ALONG the Katipunan Avenue of my youth was a small eatery called Pampanguena. It was run, we can suppose, by the eponymous (and possibly fictional) Pampanguena. We had lunches of grilled pork belly there. It had a jukebox that played songs I didn’t know. It is gone now, taken over by a tire repair shop.
Down the road was Mango Brutus, where I bought mango shakes to go with snacks from stalls selling 3-M Pizza, Joe Kuan dimsum, and hotdogs from the original Smokey’s outside some small grocery store whose name I have since forgotten. Across Aurora Boulevard, a crippled Armored Personnel Carrier from one of the failed coups stood impotent watch.
None of them exist now. The grocery has long since been demolished, and nothing has been quite able to take root there. There are still some small food stalls there, but of the generic kind that sell squidballs and tapsilog that you can find pretty much anywhere.

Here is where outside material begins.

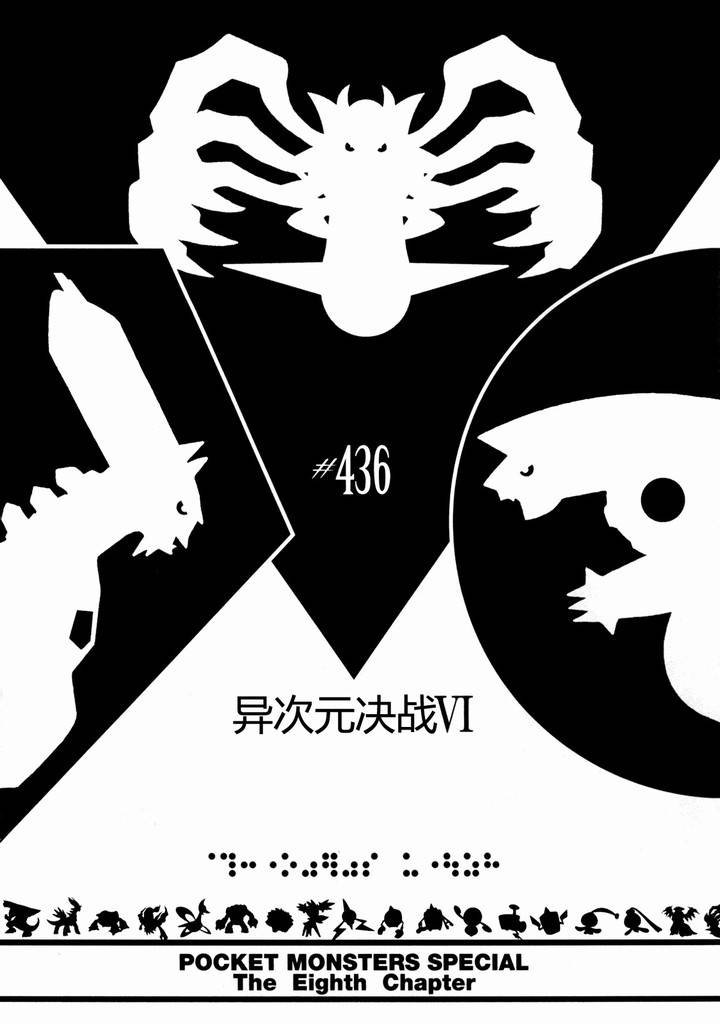 第436话 异次元决战Ⅵ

It is the loss of small holes in the wall like Pampanguena that I mourn when I think about how this road that I have been walking on since the 1980s has changed since then. Not the heavier traffic, and not the generations of students who come to Katipunan each year to claim it as their own. Increasingly, it is becoming more their street than mine. Or, more precisely, it is nobody’s street now, being indistinguishable from any other major road in this blighted metropolis.